The idea of mastering a focused strategy and consistently following it over a long period of time it is the only thing that is going to give you a competitive edge as an investor. Switching from strategy to strategy because nothing seems to be working is the surest recipe for failure. Nothing is working because you are not allowing any one strategy enough time to actually work! Consider what Howard Marks wrote in The Most Important Thing: “In investing, as in life, there are very few sure things. Values can evaporate, estimates can be wrong, circumstances can change and 'sure things' can fail. However, there are two concepts we can hold to with confidence: Rule number one: most things will prove to be cyclical. Rule number two: some of the greatest opportunities for gain and loss come when other people forget rule number one. Very few things move in a straight line.”  No great strategy or style works all the time, but no great strategy or style fails to work at all. If it is a proven strategy, then have the patience and discipline to follow it overtime. This is what will provide a competitive edge.

The Take Away

The first key to successful investing is inside. Learn how your beliefs and emotions affect your investing decisions.

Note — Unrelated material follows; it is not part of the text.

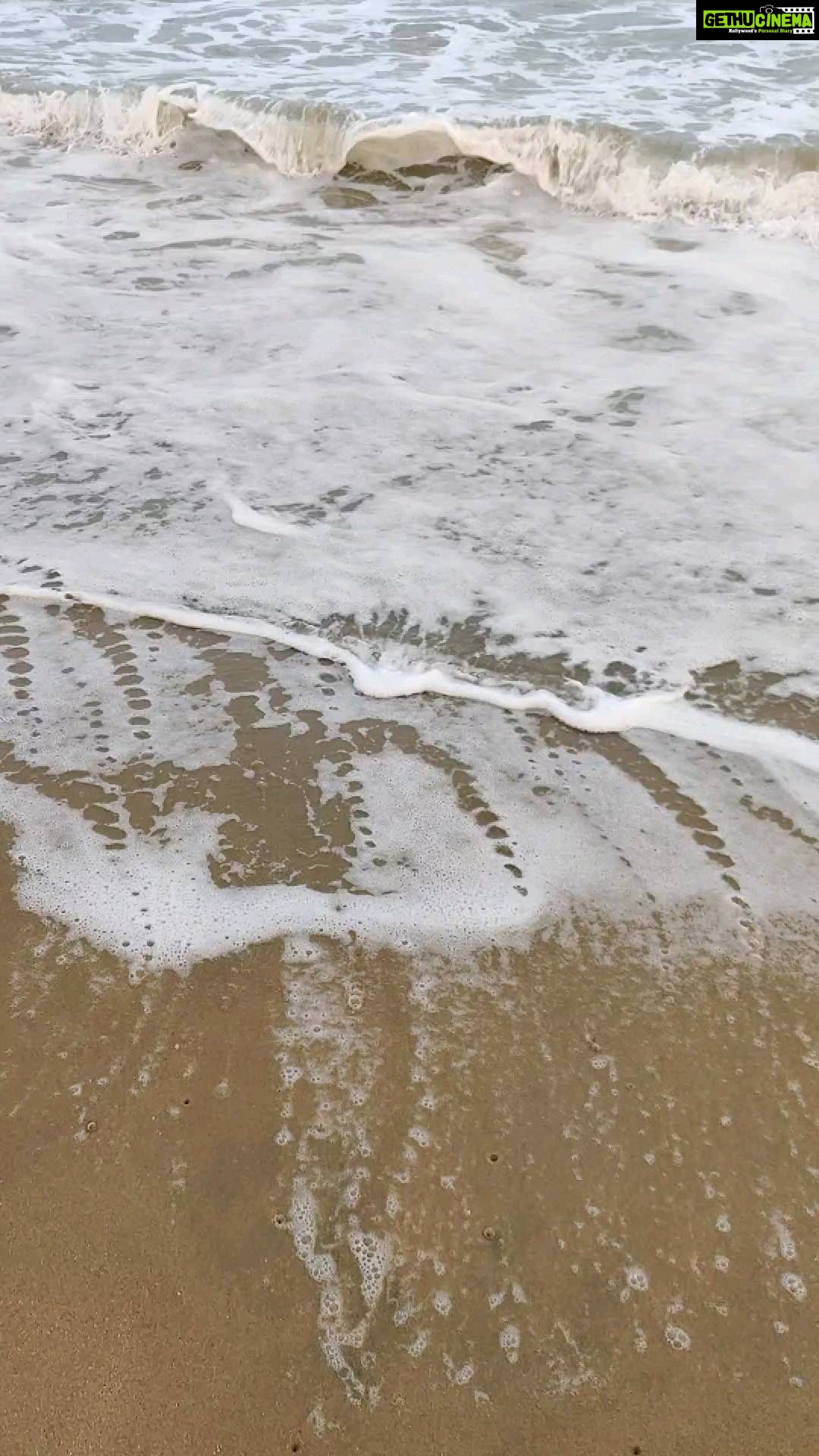 Rekha Krishnappa Instagram - A day on the beach @vasantha_kumarv . . . #beachfun #realcouple #funreels #ɪɴsᴛᴀʀᴇᴇʟs #reelsinsta Chennai, India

Spend less time endlessly searching through stock ideas and more time defining yourself and researching proven strategies/methods. Adopt the one(s) that align with your emotional make-up and worldview.

Consistently implement the proven strategy/method/style you select in order to develop expertise and emotional control. Stick with it over long periods of time.

Following these steps will give you three competitive edges over other investors in the goal of out-performance.

1. Gaining detailed experience with one method will help you expertly implement it.

2. Strictly following a method or style will give you the discipline to override rash emotional decisions. Who hasn’t panicked and sold at the bottom?

3. Almost all strategies proven to out-perform market averages have only done so over longer periods of time. Having the discipline to follow a strategy faithfully for long periods helps increase the probability of outperformance.